Es la casa hidalga gallega, poseedora de signos heráldicos, de proporciones suntuosas y que presenta frecuentemente portón blasonado, capilla, palomar y jardines. De este modo definen algunos especialistas los que es un pazo. Aunque, popularmente, el dicho reza: ?Capilla, palomar y ciprés, pazo es?.
De un modo u otro se está haciendo alusión a esas construcciones más singulares y sobresalientes de la historia de la arquitectura civil hispánica.

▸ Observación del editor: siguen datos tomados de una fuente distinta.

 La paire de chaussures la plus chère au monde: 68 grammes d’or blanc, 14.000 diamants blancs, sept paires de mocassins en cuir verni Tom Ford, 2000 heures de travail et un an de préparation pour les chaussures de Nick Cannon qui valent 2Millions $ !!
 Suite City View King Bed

Estas grandes joyas de la cultura galaica, fueron primero pazos fincas de los nobles para terminar en manos de los nuevos ricos. Comenzaron a levantarse en el siglo XVI y se desarrollaron en el siglo XVII, aunque su gran riqueza ornamental alcanzó el debido refinamiento con el impulso que para la vida agraria significó la revolución técnica dieciochesca.
Los pazos que hoy todavía vemos guardan señas indicativas de la vida que en ellos de desarrollaba; una vivienda principal símbolo de la presencia social y de la importancia de sus dueños. Separadas de ésta se pueden contemplar las viviendas del servicio que dan una idea del personal que estaba al cuidado de la casa? las dependencias agrarias, terrenos que se pierden a la vista, jardines colosales, estanques, monumentales fuentes, murallas desmedidas.

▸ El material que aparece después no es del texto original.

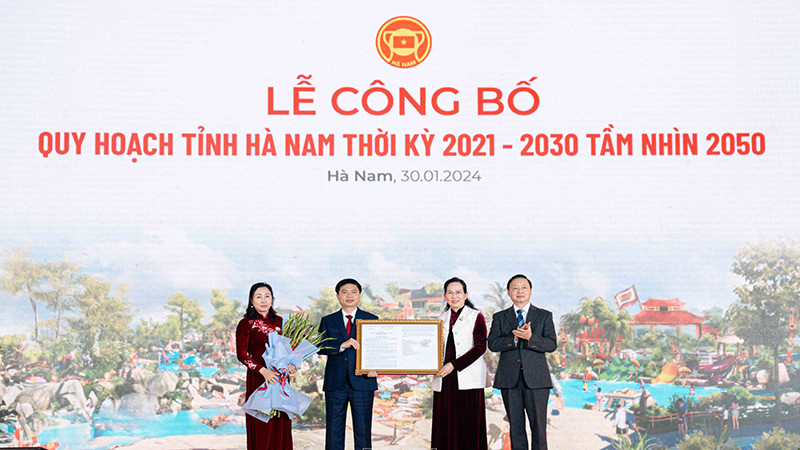 Phó Thủ tướng Chính phủ Trần Hồng Hà trao Quyết định phê duyệt Quy hoạch tỉnh Hà Nam thời kỳ 2021-2030, tầm nhìn đến năm 2050 cho các đồng chí Thường trực Tỉnh ủy Hà Nam.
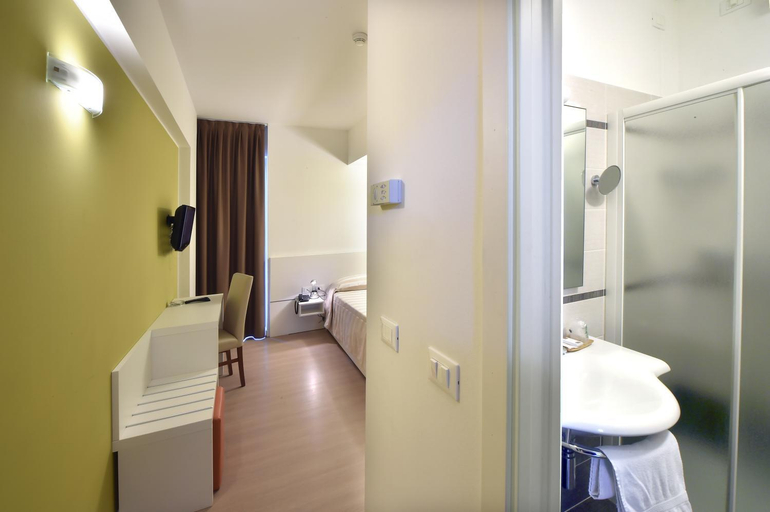 Bedroom 3, Hotel Meuble Nazionale, Udine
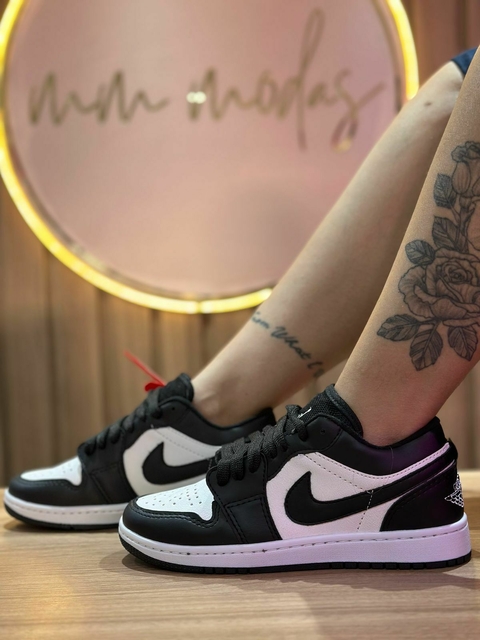 TÊNIS NIKE JORDAN PRETO E BRANCO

Sin duda la vinculación del pazo gallego a la cultura popular es indiscutible, tal y como lo demuestra la gran cantidad de leyendas, cuentos y poesías que a lo largo de la historia lo fueron convirtiendo en el protagonista del medio rural en el que se erige? historias que cuando menos nos han dejado entrever el discurrir diario de la sociedad existente por aquel entonces?, de una nobleza rural gallega con gran poder económico y social sobre las otras clases sociales.

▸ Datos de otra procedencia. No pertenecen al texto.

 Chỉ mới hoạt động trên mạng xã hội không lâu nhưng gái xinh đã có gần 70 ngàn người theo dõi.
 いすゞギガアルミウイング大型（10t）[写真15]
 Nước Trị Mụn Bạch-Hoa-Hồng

En estos presuntuosos pero más que hermosos edificios ha quedado esculpida parte de la historia gallega para pasar a formar parte de su identidad. Son los pazos arquitecturas vestigio del esplendor pasado y, hoy, razón suficiente para merodear por ellos. Debe haber en Galicia alrededor de 1000 pazos, pero sólo unos 200 resultan habitables.
A algunos de ellos les ha devuelto a la vida el turismo rural, convirtiéndose en una oferta de alojamiento ideal, no sólo porque permite gozar de la tranquilidad y de la naturaleza, sino porque permite profundizar en sus raíces históricas.
En la actualidad existe una oferta de 64, aunque el número de establecimientos es creciente, ya que constituye una de las principales apuestas del sector turístico de Galicia.
Es por tanto su perspectiva histórica, su dimensión espacial y esa peculiaridad de permitir que la naturaleza penetre en su conjunto arquitectónico, lo que convierte a los pazos en el destino esperado, incluso para los amantes de los ambientes melancólicos y umbríos tan asociados al paisaje rural de las tierras gallegas.